His daughter told him she would never speak to him again if he did this. She could not abide this, she told him. Would never forgive him.

The man from Sheffield asked him if he thought that, in the end, anyone would care one whit about what he was doing? He asked Hobbes if he was dying of some terminal disease.

“No, he said.”

Did he think that Shell Oil or Amazon would give a damn?

He said that he did not know.

“When did you make this decision?” the reporter wondered, “What was the turning point for you?”

Hobbes told him that it was when he learned that Disney had announced plans to build an entire city, a completely self-contained city, Ararat City, they called it, in the Chattahoochee Mountains, and another in the Green Mountains with direct light-rail service from Boston and New York, and another in the Sierra Nevada and in the San Bernardino’s. And yet another one in the Blue Ridges.
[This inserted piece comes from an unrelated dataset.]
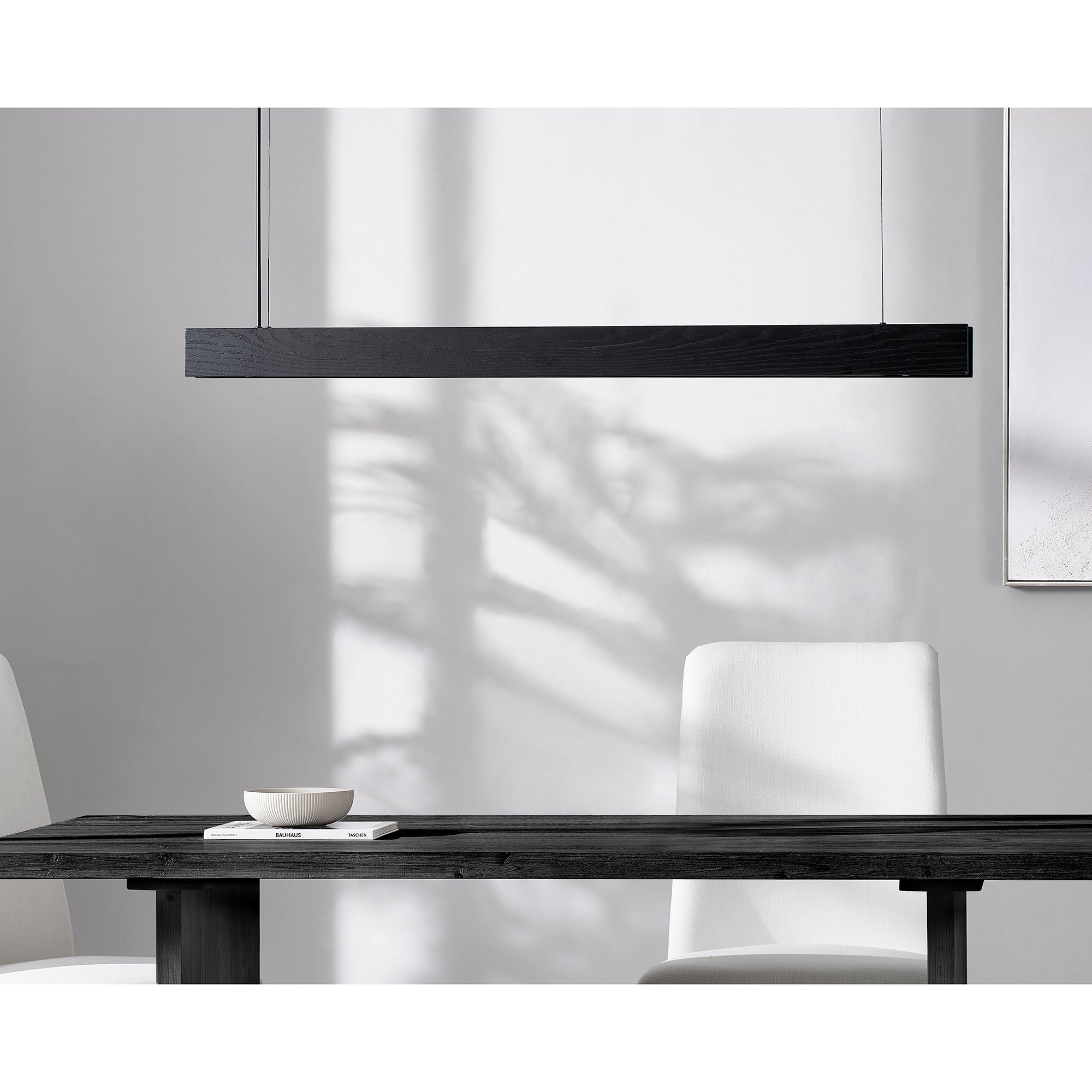 Taya Ceiling Fixture by Renwil, black wood linear light above a dining table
“I thought about these shining, protected, cities upon the hills,” he said, “for the mobile, migrant, oil-and-Bitcoin-and-silicon-rich. These redoubts from the horror, while Jakarta, Houston, and New Orleans, Dhaka, London, and Mumbai will all be left to sink below the surface when their shoddy, pregnable, and make-believe sea walls and levees are breached.”

“When, it became unavoidably clear to me,” he said, “that those very same people who willingly, and knowingly allowed, for their own gain, this final solution to the ugly, bottomless pit of poverty, that all hope I had was lost. That those people will survive, and thrive, and the rest of world, the world that fed and served, and clothed, and sheltered them, will simply and forever, disappear.”

“And you know what will happen to you, don’t you?”

“Yes,” Hobbes told him. “I do.”

“And you still will let the ships leave without you?”

“Yes, this is the only thing I can do. The only thing that has meaning to me anymore. I can no longer bear witness to it all any more.”